Uzmanlar için asıl endişe kaynağı, yurt dışından virüsü kaparak dönen bir kişinin, Türkiye'de bulunan Aedes sivrisineği tarafından ısırılması ve bu yolla yerel bir yayılımın başlaması ihtimali.
Peki Ne Yapmalı? İşte Altın Değerinde Tavsiyeler
Dr.
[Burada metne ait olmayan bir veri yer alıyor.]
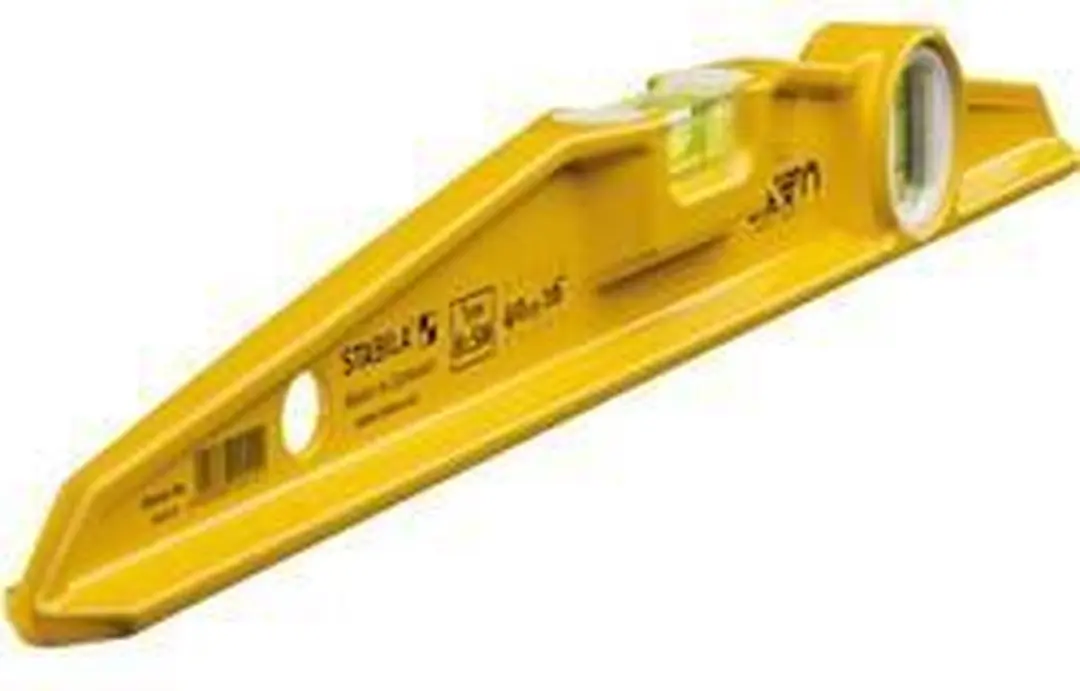 Stabila Type 81 SM 2512 Metalen waterpas Incl. magneet 40 cm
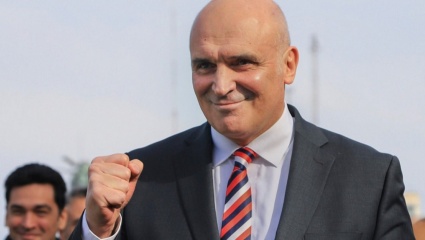 Según Santoro, el llamado de Espert a incumplir el control de precios “es de un sadismo pocas veces visto”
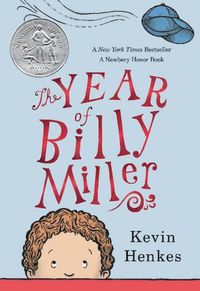 Cover image for The Year of Billy Miller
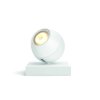 Philips Hue Buckram Ceiling Light LED white, 1-light source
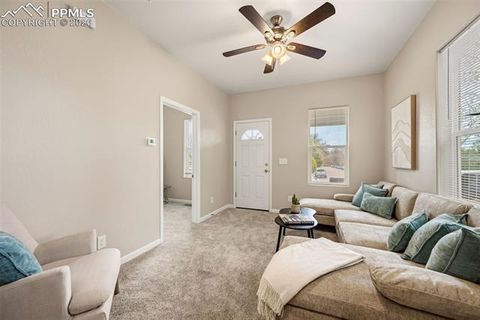 Tiny photo for 724 N Royer Street, Colorado Springs, CO 80903 (MLS # 6986239)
Kılıç, paniğe gerek olmadığını vurgularken, özellikle seyahat edenler için basit ama etkili korunma yöntemlerini sıraladı:
-
Sivrisineklere Dikkat: Bu sivrisinek türü genellikle gündüzleri, sabah ve öğleden sonra saatlerinde aktif oluyor.
-
Doğru Giyinin: Riskli bölgelerde uzun kollu, kapalı giysiler tercih edin.
-
Kovucuları Kullanın: DSÖ'nün de önerdiği, toksik olmayan etkili sinek kovuculardan faydalanın.
-
Uyurken Önlem Alın: Gündüz uykusu sırasında mutlaka cibinlik kullanın. Klima ve odaya konulan sinek kovucular da koruma sağlar.
-
Seyahat Sonrası Alarmda Olun: Riskli bölgelere yaptığınız bir seyahatten sonra yüksek ateş ve şiddetli eklem ağrısı gibi belirtiler yaşarsanız, vakit kaybetmeden bir sağlık kuruluşuna başvurun.